„Andersens Welt“ - Kinderballett von Anna Vita

Plädoyer für das gute, alte Märchenballett

Duisburg, 28/10/2008

Natürlich war's purer Zufall, dass Anna Vitas Märchenballett „Andersens Welt“ just an dem Tag im Theater Duisburg Premiere hatte, als die Uhren um eine Stunde zurück gestellt worden waren. Aber das passte perfekt. Denn diese Produktion der „Deutschen Oper am Rhein“ gehört eigentlich in eine frühere Zeit - als Theater für Kinder noch wirklich kindlich war, virtuelle Welten Lichtjahre entfernt lagen...

Anna Vita, viele Jahre lang Tänzerin in Youri Vàmos' Kompanie (in Dortmund, Bonn, Basel und Düsseldorf/Duisburg), leitet seit 2004 das Ballett am Mainfrankentheater Würzburg. Dort schuf sie zum Andersen-Jahr 2005 nach einem ungarischen Roman für ihre 13-köpfige Truppe ein Kinderballett auf Musik von Eric Satie, das begeisterte Aufnahme fand. Youri Vàmos lud sie daraufhin ein, eine größere Fassung für sein Rheinopern-Ballett zu erarbeiten. Als szenischer Mitarbeiter stand kein Geringerer als Pet Halmen zur Verfügung. Und die Musik sollte, um Kompositionen von Francis Poulenc und Darius Milhaud erweitert, live gespielt werden. Welche Chance!

Anna Vita hat sie sich nicht entgehen lassen und ein 70-minütiges Handlungsballett choreografiert, das absolut kindgerecht und doch auch für Erwachsene tauglich ist. Pet Halmens Bühnenbild mit der kleinen, blauen Straße in Odense und dem Porträt des Märchendichters - wie aus einem Märchenbuchdeckel geschnitten - über der Rampe baumelnd, ist grandios. Raffiniert wird es durch die Hinterbühne mit dem Blick ins Duisburger Theater und die Kellerwohnung, in der der Dichter haust – ganz nah an dem Ort, wo er berühmt werden will: im Theater, als Dramatiker. Dass das nicht passiert, sondern seine Märchenfiguren das Wichtigste bleiben, was er zu geben hat, dafür sorgt ein kleines Mädchen. Und Herr Shakespeare – kalkweiß, aber mitnichten aus Gips – nickt wohlwollend dazu.

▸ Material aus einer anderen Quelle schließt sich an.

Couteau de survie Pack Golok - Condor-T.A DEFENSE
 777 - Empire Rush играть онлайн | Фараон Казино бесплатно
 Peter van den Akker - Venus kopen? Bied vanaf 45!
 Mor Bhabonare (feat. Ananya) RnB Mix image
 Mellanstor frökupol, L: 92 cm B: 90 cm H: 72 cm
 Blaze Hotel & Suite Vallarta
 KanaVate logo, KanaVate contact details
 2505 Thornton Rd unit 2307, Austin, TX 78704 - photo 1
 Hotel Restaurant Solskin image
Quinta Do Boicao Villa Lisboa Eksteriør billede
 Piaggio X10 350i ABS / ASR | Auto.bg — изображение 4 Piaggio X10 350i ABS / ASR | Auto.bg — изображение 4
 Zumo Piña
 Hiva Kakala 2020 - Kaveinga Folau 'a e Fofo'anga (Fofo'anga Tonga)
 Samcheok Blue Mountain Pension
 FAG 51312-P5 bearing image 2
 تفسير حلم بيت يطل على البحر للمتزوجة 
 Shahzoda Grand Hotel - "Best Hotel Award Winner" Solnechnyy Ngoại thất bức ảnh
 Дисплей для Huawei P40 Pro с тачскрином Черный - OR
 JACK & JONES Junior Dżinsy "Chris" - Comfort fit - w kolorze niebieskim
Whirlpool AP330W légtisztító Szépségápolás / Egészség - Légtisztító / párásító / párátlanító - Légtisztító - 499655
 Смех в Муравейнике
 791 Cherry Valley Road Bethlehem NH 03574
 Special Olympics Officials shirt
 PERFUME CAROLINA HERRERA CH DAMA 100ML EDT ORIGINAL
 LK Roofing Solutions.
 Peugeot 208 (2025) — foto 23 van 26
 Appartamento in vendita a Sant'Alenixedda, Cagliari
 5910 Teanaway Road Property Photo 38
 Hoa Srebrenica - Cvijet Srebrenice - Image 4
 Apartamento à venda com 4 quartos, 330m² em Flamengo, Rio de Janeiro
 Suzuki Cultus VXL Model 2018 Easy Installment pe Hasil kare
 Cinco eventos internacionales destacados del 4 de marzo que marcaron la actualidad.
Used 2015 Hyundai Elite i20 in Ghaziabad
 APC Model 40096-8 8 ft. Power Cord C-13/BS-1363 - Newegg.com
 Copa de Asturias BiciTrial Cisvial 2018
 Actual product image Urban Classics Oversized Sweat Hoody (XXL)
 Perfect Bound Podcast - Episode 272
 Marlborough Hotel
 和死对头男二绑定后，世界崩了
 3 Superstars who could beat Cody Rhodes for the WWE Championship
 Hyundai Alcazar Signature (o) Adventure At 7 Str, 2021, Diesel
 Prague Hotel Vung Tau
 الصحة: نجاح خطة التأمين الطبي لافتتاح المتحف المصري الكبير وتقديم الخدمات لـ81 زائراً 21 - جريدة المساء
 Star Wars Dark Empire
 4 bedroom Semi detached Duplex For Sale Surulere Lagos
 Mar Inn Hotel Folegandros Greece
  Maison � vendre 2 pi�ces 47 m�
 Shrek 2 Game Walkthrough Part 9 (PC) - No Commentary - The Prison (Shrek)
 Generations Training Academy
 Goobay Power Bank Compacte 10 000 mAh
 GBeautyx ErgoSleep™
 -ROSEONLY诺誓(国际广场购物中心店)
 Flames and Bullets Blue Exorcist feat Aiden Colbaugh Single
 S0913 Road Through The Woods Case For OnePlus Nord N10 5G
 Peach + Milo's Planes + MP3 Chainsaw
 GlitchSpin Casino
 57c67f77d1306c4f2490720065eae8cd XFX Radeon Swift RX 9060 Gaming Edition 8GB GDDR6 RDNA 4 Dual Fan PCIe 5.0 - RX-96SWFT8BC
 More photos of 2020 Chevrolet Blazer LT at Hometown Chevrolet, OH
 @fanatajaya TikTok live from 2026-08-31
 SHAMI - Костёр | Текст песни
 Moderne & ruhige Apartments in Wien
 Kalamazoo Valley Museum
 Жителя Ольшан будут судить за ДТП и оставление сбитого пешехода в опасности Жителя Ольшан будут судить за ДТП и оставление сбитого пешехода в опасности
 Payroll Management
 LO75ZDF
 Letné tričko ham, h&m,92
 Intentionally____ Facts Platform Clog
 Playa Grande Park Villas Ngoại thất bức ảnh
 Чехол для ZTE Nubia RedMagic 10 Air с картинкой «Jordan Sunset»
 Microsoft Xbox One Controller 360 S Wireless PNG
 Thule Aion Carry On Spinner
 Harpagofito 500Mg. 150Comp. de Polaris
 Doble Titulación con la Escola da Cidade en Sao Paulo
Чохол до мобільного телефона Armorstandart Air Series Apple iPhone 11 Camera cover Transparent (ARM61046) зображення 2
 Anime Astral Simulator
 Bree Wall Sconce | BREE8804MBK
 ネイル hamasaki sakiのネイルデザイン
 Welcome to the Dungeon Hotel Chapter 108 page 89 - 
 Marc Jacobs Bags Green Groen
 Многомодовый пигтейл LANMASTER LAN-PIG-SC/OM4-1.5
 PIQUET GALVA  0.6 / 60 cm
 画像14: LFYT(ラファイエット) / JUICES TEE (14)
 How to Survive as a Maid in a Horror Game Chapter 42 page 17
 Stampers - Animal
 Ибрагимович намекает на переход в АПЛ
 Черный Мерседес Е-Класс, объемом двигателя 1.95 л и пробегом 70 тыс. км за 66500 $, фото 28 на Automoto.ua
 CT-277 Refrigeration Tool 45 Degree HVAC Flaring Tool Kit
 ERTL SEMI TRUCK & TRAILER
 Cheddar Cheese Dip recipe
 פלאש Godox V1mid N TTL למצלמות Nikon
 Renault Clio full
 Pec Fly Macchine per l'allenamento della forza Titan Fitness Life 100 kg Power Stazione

Wie ätherische Wesen in hauchzarten weißen Kostümen (bis auf den drallen Kaiser mit seinen neuen Kleidern) hat Halmen die Märchenfiguren kostümiert – biedermeierlich die Menschen. Getanzt und musiziert (Duisburger Philharmoniker unter Martin Fratz) wird schwungvoll. Alexey Afanasiev ist der perfekte Andersen, Andrea Kramesová das entzückende kleine Mädchen Gerda, Daniela Svoboda eine hochelegante, eiskalte Schneekönigin (im weißen Pelz) und Diva (in schwarz), Dwayne Holliday die köstlich wackelkopfige Shakespeare-Büste. Eine glänzende Idee ist die Einfügung des Theaterhausmeisters. Er erzählt ganz genau, worum es eigentlich geht – noch dazu mit ausgesucht eleganten, flüssigen Formulierungen und durchaus erfrischend fröhlich. Aber leider verstand man Louis Vernal wegen des Tempos und Akzents bei der Premiere nicht allzu gut. Das lässt sich ändern. Denn dieses Ballett ist sozusagen das Weihnachtsmärchen der Rheinoper. Die Düsseldorfer Premiere ist bereits am 7. November. „Empfehlen Sie uns weiter!“ stand auf der Premiereneinladung. Aber gern doch!